One of the best "Star Trek" movies, 1986's "Star Trek IV: The Voyage Home," also from Paramount, is a romp that finds Kirk, Spock, McCoy and the rest of the USS Enterprise gang traveling back in time to contemporary San Francisco to extract a pair of humpback whales (extinct in the Trek era) to communicate with an alien probe that is disintegrating everything in its path on its way to Earth.

Just five years ago, Paramount released "Deep Impact," a big-budget CGI effects-filled disaster flick/soap opera that follows the lives of several people in the weeks before a big comet collides with the world. The cast includes several Oscar winners, including Robert Duvall, Vanessa Redgrave and Maximilian Schell.
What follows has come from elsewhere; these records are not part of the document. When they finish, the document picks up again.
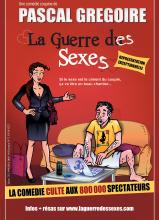 GUERRE DES SEXES 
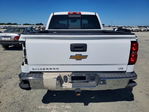 Chevrolet Silverado 2015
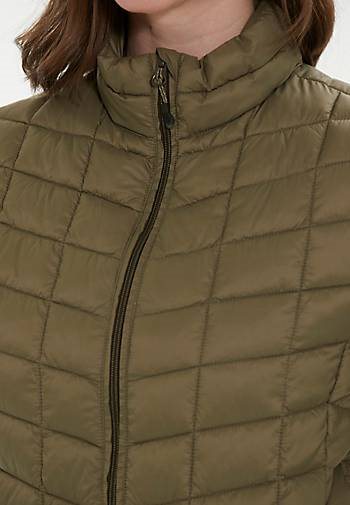 Whistler Funktionsjacke Kate in tollem Stepp-Design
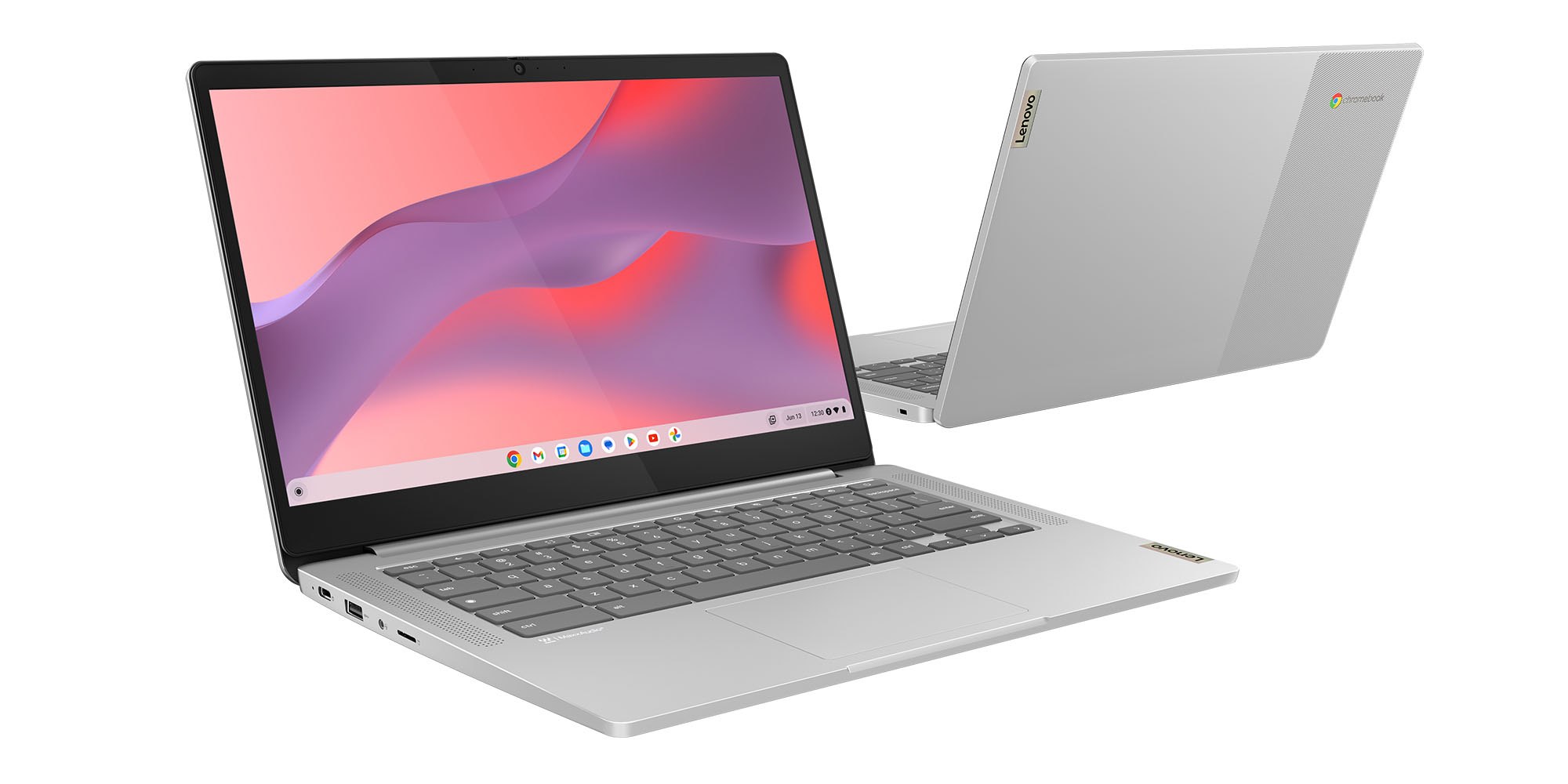 Lenovo IdeaPad Slim 3 Chromebook packs new MediaTek chip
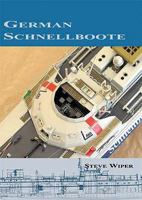 German Schnell-boats (Shipcraft) 186176278X Book Cover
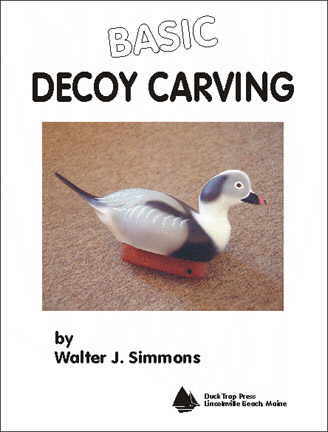 Free Duck Decoy Carving Patterns | Reference.com Answers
Here's a look at other notable end-of-the-world sci-fi flicks:

"The Day the Earth Stood Still" (1951): Robert Wise directed this intelligent antiwar film about a soft-spoken alien (Michael Rennie) who arrives in his spaceship in Washington, D.C., with a warning.

"Voyage to the Bottom of the Sea" (1961): Irwin Allen was the "Master of Disaster" in the 1960s and 1970s. This dopey thriller is set aboard the world's most advanced experimental submarine. As the ship travels to the North Pole, the Van Allen radiation belt catches fire, causing Earth temperatures to rise. The sub's obsessed captain (Walter Pidgeon) changes course to the South Pacific to fire a nuclear missile into the core. Along the way, he must battle a saboteur, giant squids and an angry crew. Barbara Eden and Frankie Avalon (who sings the title tune and plays the trumpet), Joan Fontaine and Michael Ansara are also along for the ride.

"The Day the Earth Caught Fire" (1961): Val Guest directed this compelling British thriller that finds the Earth speeding toward the sun after the U.S. and the Soviet Union secretly fire nuclear devices. A London newspaper editor dispatches his science reporter and an alcoholic columnist to get to the bottom of the crisis. Janet Munro, Leo McKern and Edward Judd star.

"Crack in the World" (1965): Another import from England. Dana Andrews plays a terminally ill scientist who decides to tap the geothermal energy of the Earth's interior by detonating a thermonuclear device. The resulting fissure threatens to split the planet in two.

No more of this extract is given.